In der österreichischen Literatur des 19. Jahrhunderts wird das Geld exorziert, im Wirtshaus verjubelt, als Pension einkassiert, immobilisiert in landwirtschaftlichen Besitz. Es wird aber nie investiert, es wird nie eine vitale Substanz wie für die Protagonisten von Balzac oder für Faust mit seiner emanzipatorischen und zerstörerisch-unternehmerischen Tätigkeit.

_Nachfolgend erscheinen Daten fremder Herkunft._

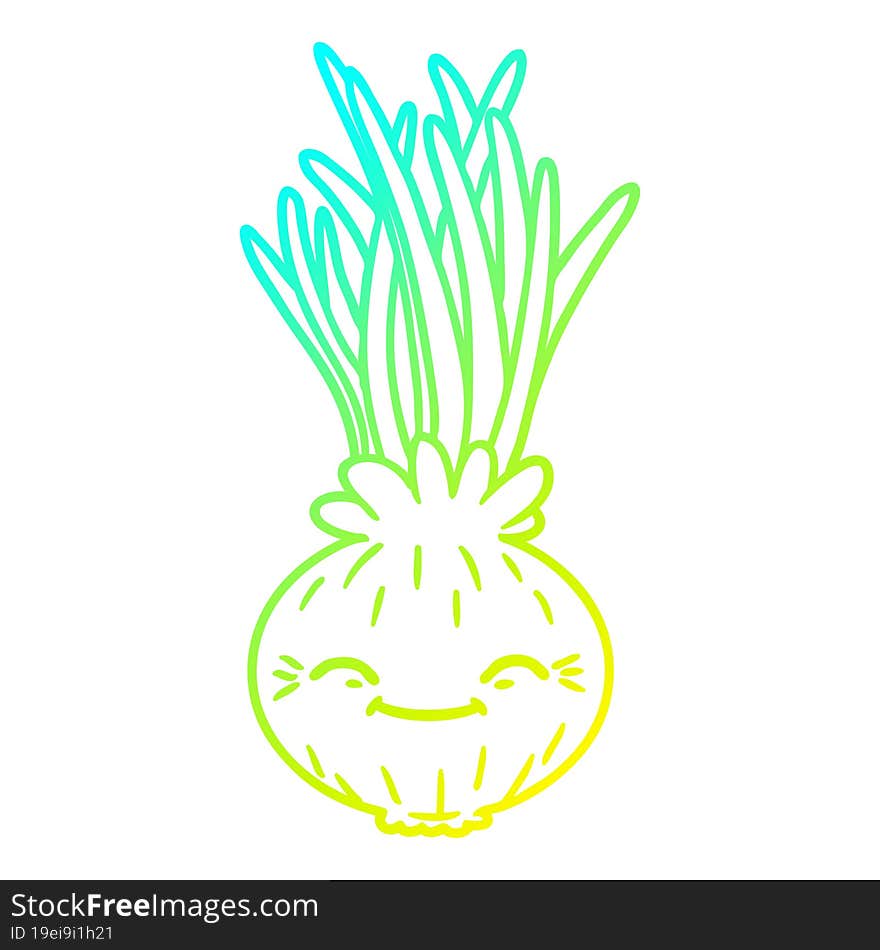 cold gradient line drawing cartoon onion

Es ist kein Zufall, daß die österreichische Literatur des 19. Jahrhunderts, die in anderen Gattungen Großes leistet, den Roman nicht oder beinahe nicht kennt. Die österreichische Kultur bleibt im 19. Jahrhundert gegenüber den großen Philosophien, die vom Glauben an den der Geschichte immanenten Fortschritt geprägt sind, oft rückständig; sie wird in dem Moment zur Avantgarde, wo diese starke Modernität – mit ihren systematischen Philosophien und deren Tendenz, die Totalität der Welt in großen Synthesen zu erfassen und zu ordnen – in eine Krise gerät. Die österreichische Kultur wird dann zu einem Vorposten und einem äußerst empfindlichen Seismographen der Krise – Wien als „Wetterstation für Weltuntergang“, wie Karl Kraus sagen wird –, ein Laboratorium der nicht enden wollenden Analyse, die jede Einheit zerlegt, angefangen von der des Individuums selbst; ein Observatorium der Unsicherheit, der Unbestimmtheit, des Wahrscheinlichkeitschaos, welche die gegenwärtige Kultur kennzeichnen.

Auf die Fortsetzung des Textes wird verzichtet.